Used to build and restore steam engines from a self-built steam powere workshop in his back yard.

Built his own mineshaft in his back yard.

A qualified steeplejack he would not use dynamite. He prefered to either knock them down by hand! or by burning them down.
If you can ever find it look at the video of him rigging the ladders....awesome. worked with only one labourer and would not let anyone else rig the ladders.

He was born 100 years too late and should have been a Victorian. Met him a few times, great bloke....sadly missed


----------



## Shockdoc (Mar 4, 2010)

Two mortgages, four kids, piling credit bills.......I'll work right along that guy up there.


----------



## DIRT27 (Aug 25, 2010)

No fall protection for fun. This guys passed away doing some other crazy rope jump.

Notice how Fred Dibnah always climbs with his hands on the sides of the ladder. When I worked for the power company that is how we were always taught to climb towers and poles.

I got to climb a few towers in school, but I didn't stick around long enough to do any out on the job. Anything over 150' they would helicopter you in, wish I could stuck around long enough for that.

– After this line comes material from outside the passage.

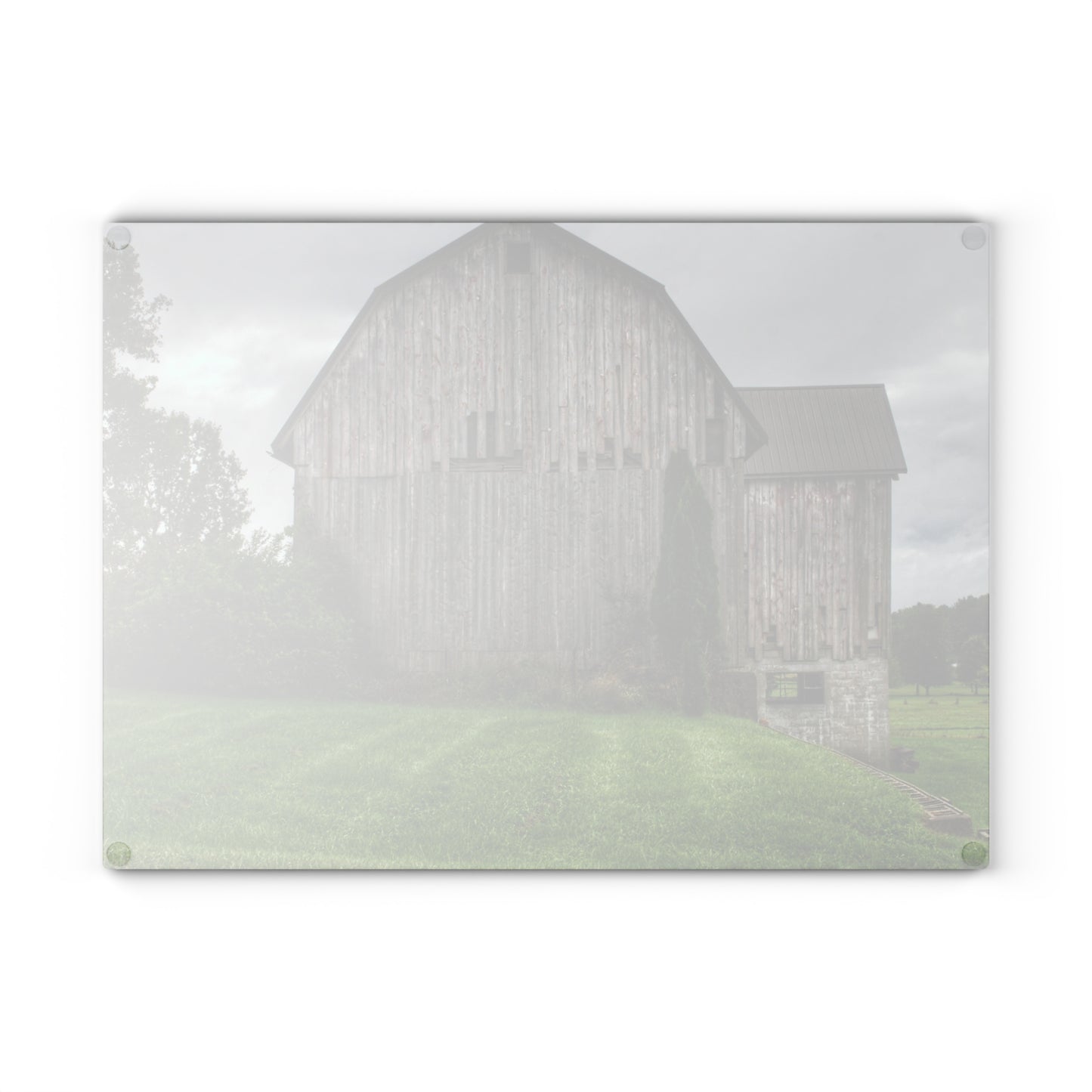 U R There Photography Dequindre Road Grey III Rustic Farmhouse Tempered-Glass Cutting Board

Free climbing is very common on big structures. Our rules were free climb whenever ascending or descending, lineman belt and safety strap when stopped or working, and full harness when leaving the structure ie.- climbing out on the wire. 

Transmission towers aren't bad because there is alot of stuff to hang on to. But when you have your belt on you need 2 hands to work.

That radio tower was crazy, there was a few awkward transitions in the structure that would be pretty scary.


----------